Leaving the pictures aside, transcribe the data below exactly.

## Available data
================================
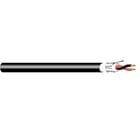 West Penn AQ295BK1000 1000' 14AWG 2-Conductor Stranded Shielded Aquaseal Cable for Fire Alarms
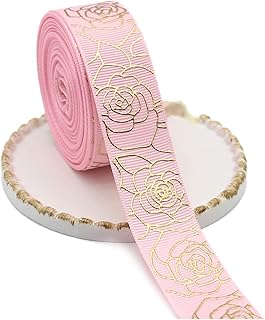Jing Ger 2 5mm Día de San Valentín Rosas Impresas Grosgrain Cinta for el Cabello Arques El Material de elaboración (Color : 123, Size : 25MM)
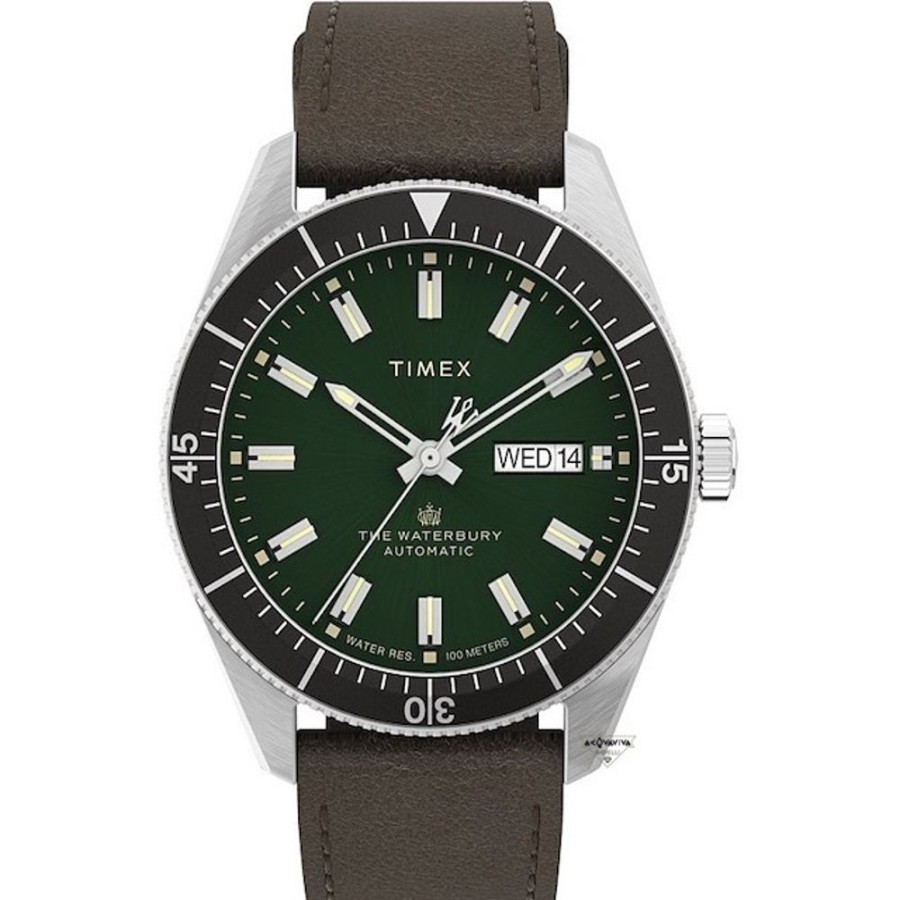 Uomo Timex Automaticiorologi Automatici Da Uomo | Orologio Automatico Waterbury Timex Tw2V24700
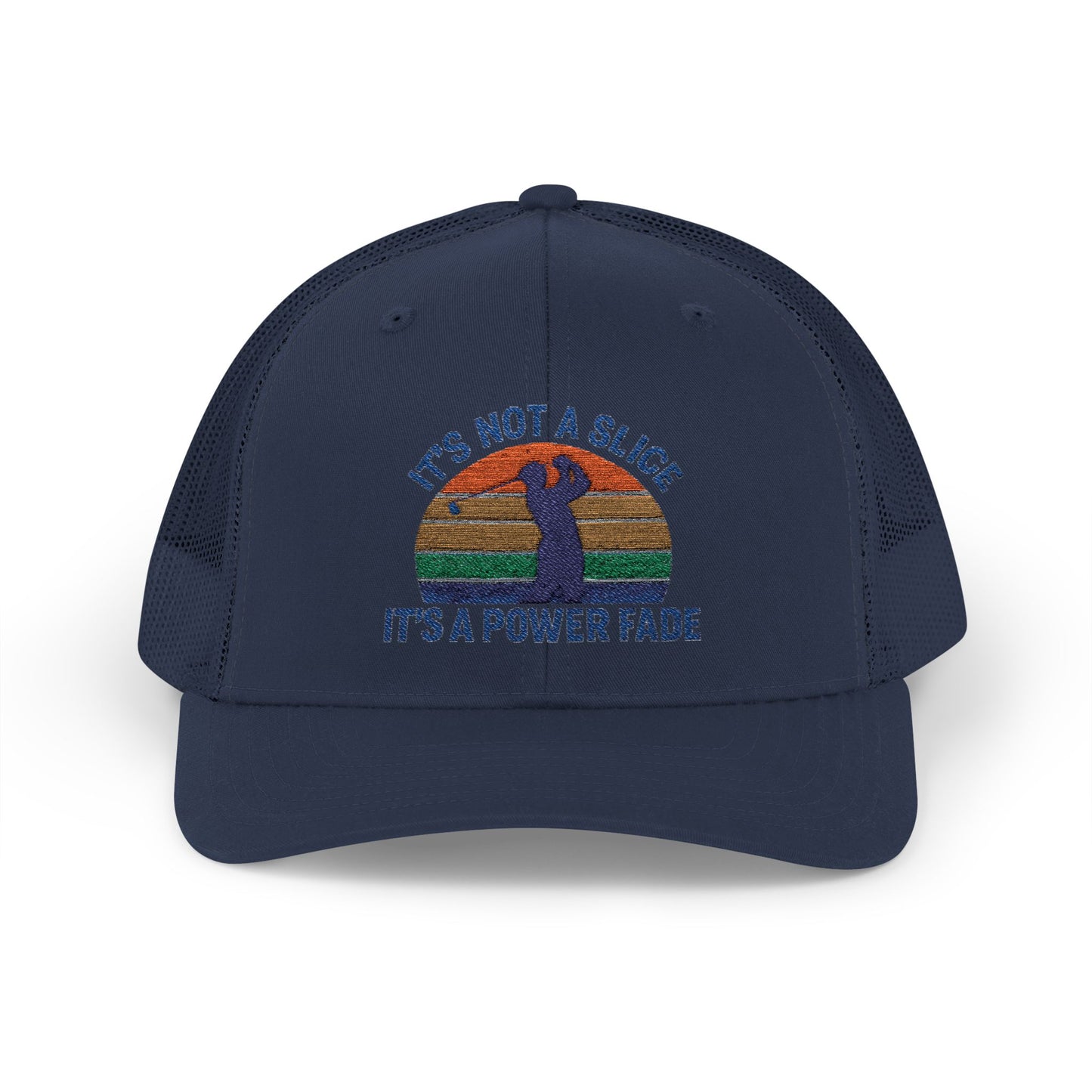 Colorful Power Fade Snapback Trucker Cap, Funny Golf Hat, Unique Baseball Cap, Gift for Golfers, Fashionable Outdoor Accessory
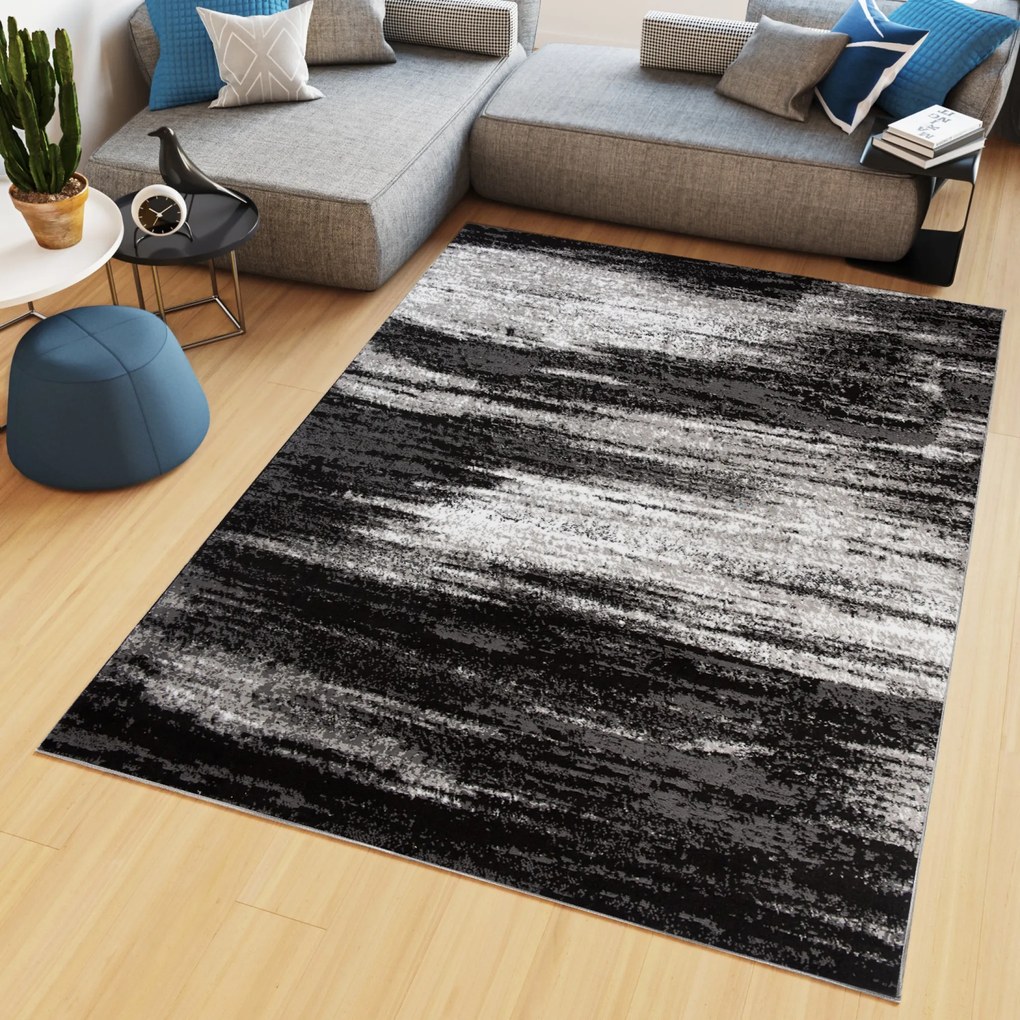 Koberec Z905D BLACK MAYA PP EYM Veľkosť: 80x150cm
================================
## Reply to the exercise
 West Penn AQ295BK1000 1000' 14AWG 2-Conductor Stranded Shielded Aquaseal Cable for Fire Alarms
Jing Ger 2 5mm Día de San Valentín Rosas Impresas Grosgrain Cinta for el Cabello Arques El Material de elaboración (Color : 123, Size : 25MM)
 Uomo Timex Automaticiorologi Automatici Da Uomo | Orologio Automatico Waterbury Timex Tw2V24700
 Colorful Power Fade Snapback Trucker Cap, Funny Golf Hat, Unique Baseball Cap, Gift for Golfers, Fashionable Outdoor Accessory
 Koberec Z905D BLACK MAYA PP EYM Veľkosť: 80x150cm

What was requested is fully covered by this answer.